I was more dismayed than I expected. "Please do reconsider," I said. "If the police go asking the family their movements, and then you do also, I agree they won't like it. But if after that I too go and ask, they may be upset enough or angry enough to let out things that could tell us… one way or another." I paused. "I suppose I'm not making much sense."

"Do you remember what you said to me about stepping on a rattlesnake?" he said.

"Well, yes."

"You're proposing to stir up one with a stick."

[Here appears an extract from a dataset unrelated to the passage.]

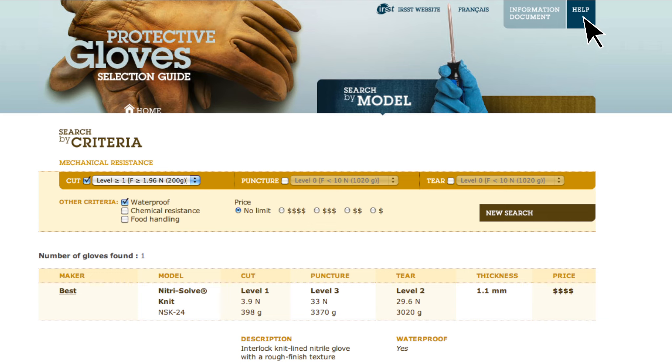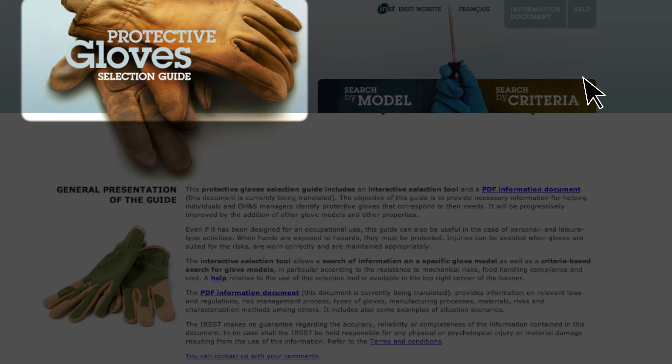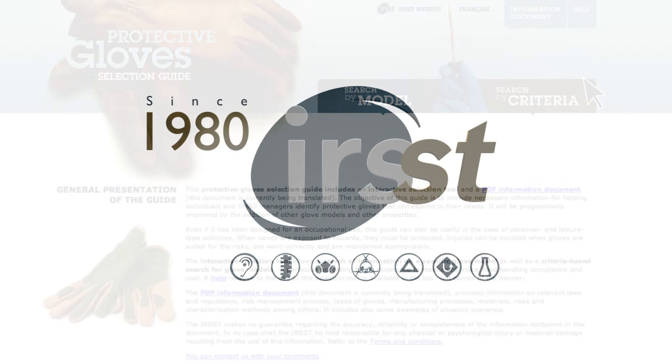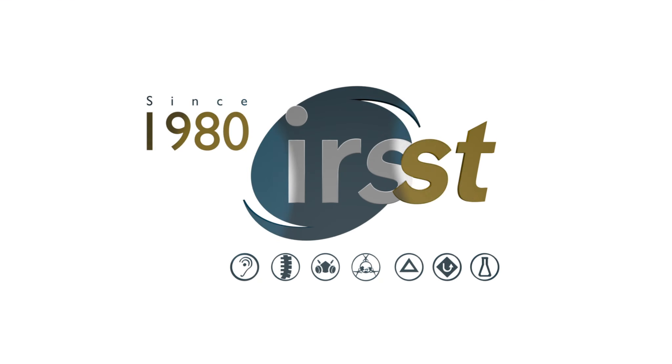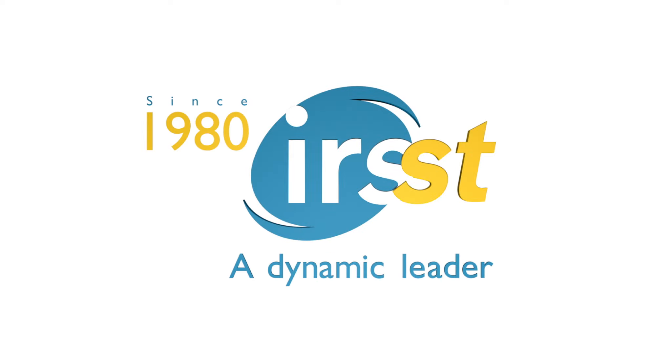A help function is always available as well as a return to the home page. Thank you very much for watching!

"We absolutely have to know who the rattlesnake is."

I heard him sigh and could feel his disinclination.

"Look," I said, "could you just meet me somewhere? You gave my father and me summaries of what all the family were doing on those two days we asked about, but there must be much more you could tell me. If you don't want to visit them again, could you just… help me."

"I don't mind doing that," he said. "When?"

"Tonight? Tomorrow?"

Tonight he was already working. Tomorrow he was taking his wife to visit their grandchildren all day as it was Sunday, but his evening would be free. He knew the pub I was staying in, he would come there, he said; he would meet me in the bar at seven.

I thanked him for that anyway, and next telephoned two stables along on the Downs to ask the trainers if I could ride exercise on their horses for several mornings, if it would be useful to them. The first said no, the second said yes, he was a couple of lads short and he'd be glad of the free help. Start Monday, first lot, pull out at seven-thirty, could I be there by seven-fifteen?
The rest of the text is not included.